Here is the full competition line-up:
- BEHIND THE CANDELABRA directed by Steven SODERBERGH
- BORGMAN directed by Alex VAN WARMERDAM
- GRIGRIS directed by Mahamat-Saleh HAROUN
- HELI directed by Amat ESCALANTE
- INSIDE LLEWYN DAVIS directed by Ethan COEN, Joel COEN
- JEUNE & JOLIE (YOUNG & BEAUTIFUL) directed by François OZON
- JIMMY P. (PSYCHOTHERAPY OF A PLAINS INDIAN) directed by Arnaud DESPLECHIN
- LA GRANDE BELLEZZA (THE GREAT BEAUTY) directed by Paolo SORRENTINO
- LA VÉNUS À LA FOURRURE (VENUS IN FUR) directed by Roman POLANSKI
- LA VIE D’ADÈLE – CHAPITRE 1 & 2 (BLUE IS THE WARMEST COLOUR) directed byAbdellatif KECHICHE
- LE PASSÉ (THE PAST) directed by Asghar FARHADI
- MICHAEL KOHLHAAS directed by Arnaud DES PALLIÈRES
- NEBRASKA directed by Alexander PAYNE
- ONLY GOD FORGIVES directed by Nicolas WINDING REFN
- ONLY LOVERS LEFT ALIVE directed by Jim JARMUSCH
- SOSHITE CHICHI NI NARU (Like Father, Like Son) directed by KORE-EDA Hirokazu
- THE IMMIGRANT directed by James GRAY
- TIAN ZHU DING (A TOUCH OF SIN) directed by JIA Zhangke
- UN CHÂTEAU EN ITALIE (A CASTLE IN ITALY) directed by Valeria BRUNI TEDESCHI
- WARA NO TATE (Shield of Straw) directed by Takashi MIIKE
Now I’ve run through the list it looks encouraging. Strangely though, some of the leading women in film seem to have been placed in ‘Un certain regard‘ where you’ll find Claire Denis and Sofia Coppola amongst eight female directors. Again it looks an interesting selection. Still no South Asian directors in the two main strands however, but the rise and rise of Anurag Kashyap continues and he features in the Special Screenings selection with the portmanteau film Bombay Talkies (which includes other segments by Karan Johar, Zoya Akhtar and Dibarkar Banerjee) a film presented as a ‘birthday card’ to ‘100 Years of Indian Cinema’. Kashyap’s own film Ugly shows in the Directors’ Fortnight and he also turns up as one of the producers of Monsoon Shootout (UK-Netherlands-India) by Amit Kumar and showing ‘Out of Competition – sounds like an interesting little film, a police drama set in Mumbai. Kumar is an FTII graduate and has worked with Asif Kapadia who is also an exec producer. I hope this gets a UK release.

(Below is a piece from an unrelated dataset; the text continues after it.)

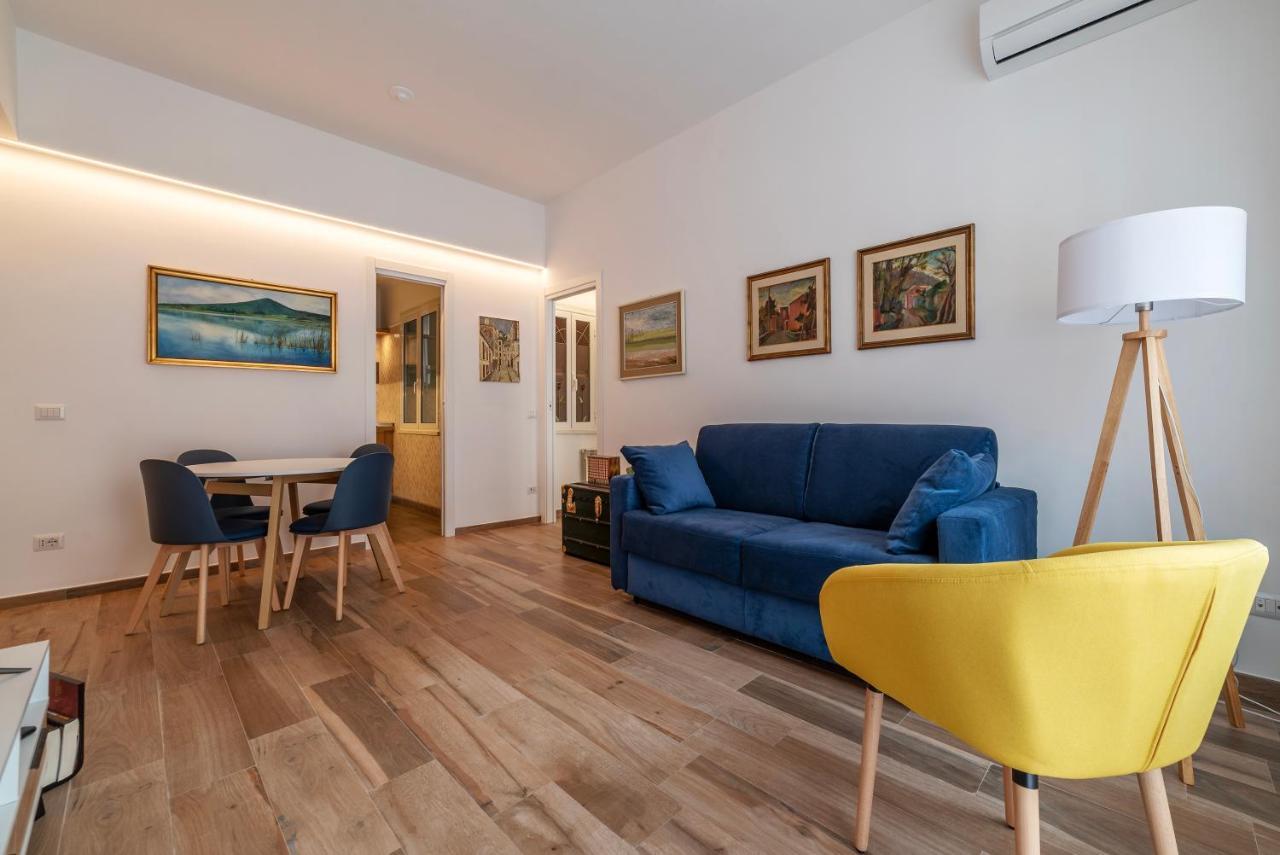 Piazza Re Di Roma Comfy Apartment Eksteriør billede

I have now seen ONLY GOD FORGIVES directed by Nicolas WINDING REFN – a film that pairs the director with the star of his earlier success Drive. It struck me mainly as a pastiche of a David Lynch film: Lost Highway is far superior. At the end there is a thanks to Alejandro Jodorowsky, which explains a lot. It is set in Bangkok and involves kick boxing, drug dealing and family vendettas. The cinematography and soundtrack are excellent, but the plotting and direction seem pretentious. The talented cast are left to emote in scenes where motivation seemed completely lacking. I was entertained partly because it made me giggle at times. The violence is cartoon like.
More worrying, the film treats Bangkok and its people in a very stereotypical fashion, bordering on the racist. And there is more than a whiff of mysogyny.
Sounds like my decision to give it a miss was the right one.